Exercise. Start at the line in the entries below that contains "Vista 9 de Placa", stop at the line that contains "Beach Couple Outfit", and output exactly the lines in that span, both ends included.

───── The input ─────

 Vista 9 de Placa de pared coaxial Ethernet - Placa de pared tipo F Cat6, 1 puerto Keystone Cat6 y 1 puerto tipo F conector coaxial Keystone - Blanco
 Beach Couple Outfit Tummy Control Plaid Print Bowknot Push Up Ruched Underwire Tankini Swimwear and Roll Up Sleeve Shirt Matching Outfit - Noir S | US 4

─────
───── The input ─────

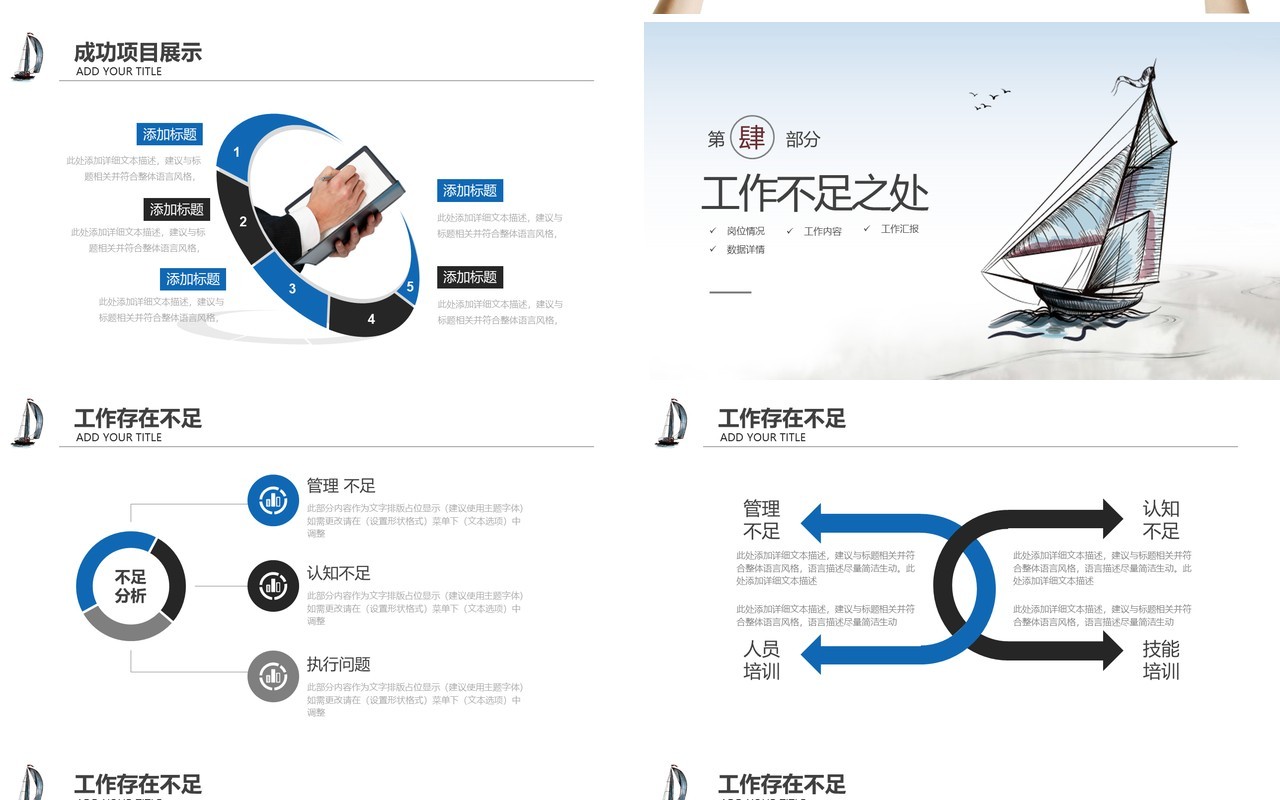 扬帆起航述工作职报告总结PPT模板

─────

Written reply.
 Vista 9 de Placa de pared coaxial Ethernet - Placa de pared tipo F Cat6, 1 puerto Keystone Cat6 y 1 puerto tipo F conector coaxial Keystone - Blanco
 Beach Couple Outfit Tummy Control Plaid Print Bowknot Push Up Ruched Underwire Tankini Swimwear and Roll Up Sleeve Shirt Matching Outfit - Noir S | US 4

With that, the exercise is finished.